ECLI:NL:RBMNE:2021:2627
Rechtbank Midden-Nederland
- Eerste aanleg - enkelvoudig
- Rechtspraak.nl
Niet-ontvankelijkheid van het beroep wegens te late indiening
Op 21 juni 2021 heeft de Rechtbank Midden-Nederland uitspraak gedaan in de zaak tussen eiser, woonachtig in [woonplaats], en het Dagelijks Bestuur Werk en Inkomen Lekstroom. Deze uitspraak betreft een pro forma beroep van eiser tegen een besluit van verweerder, dat op 5 oktober 2020 bekend is gemaakt. Eiser heeft zijn beroepschrift te laat ingediend, namelijk op 17 november 2020, terwijl dit uiterlijk op 16 november 2020 had moeten gebeuren. De rechtbank heeft geen zitting belegd, omdat het niet nodig was en het beroep niet inhoudelijk kon worden behandeld vanwege de te late indiening.
De rechtbank overweegt dat een beroep binnen zes weken na bekendmaking van het besluit moet worden ingediend, zoals vastgelegd in de artikelen 6:7 en 6:8 van de Algemene wet bestuursrecht (Awb). Eiser heeft in zijn e-mail van 7 december 2020 aangegeven dat hij dacht dat hij het beroepschrift op tijd had ingediend, omdat hij hierover telefonisch contact had gehad met de rechtbank. Hij voegde daaraan toe dat zijn ziekte en de nasleep van een operatie van zijn vrouw hem belemmerden om tijdig te reageren.

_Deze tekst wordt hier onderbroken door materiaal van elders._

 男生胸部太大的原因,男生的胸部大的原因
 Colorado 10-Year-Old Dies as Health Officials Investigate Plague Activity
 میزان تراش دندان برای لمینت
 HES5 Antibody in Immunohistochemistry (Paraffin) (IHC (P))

De rechtbank heeft begrip voor de persoonlijke omstandigheden van eiser, maar oordeelt dat de enkele stelling over het telefoongesprek niet voldoende onderbouwd is. Bovendien is ziekte geen geldige reden voor het niet tijdig indienen van het beroep. De rechtbank benadrukt dat het de verantwoordelijkheid van eiser is om tijdig beroep in te stellen, en dat hij eventueel een professioneel gemachtigde had kunnen inschakelen.
Uiteindelijk heeft de rechtbank besloten het beroep niet inhoudelijk te behandelen en het beroep kennelijk niet-ontvankelijk te verklaren op basis van artikel 8:54 Awb. Eiser krijgt geen gelijk en er wordt geen vergoeding van proceskosten toegekend. De uitspraak is gedaan door mr. S.G.M. van Veen, rechter, en is openbaar gemaakt op rechtspraak.nl.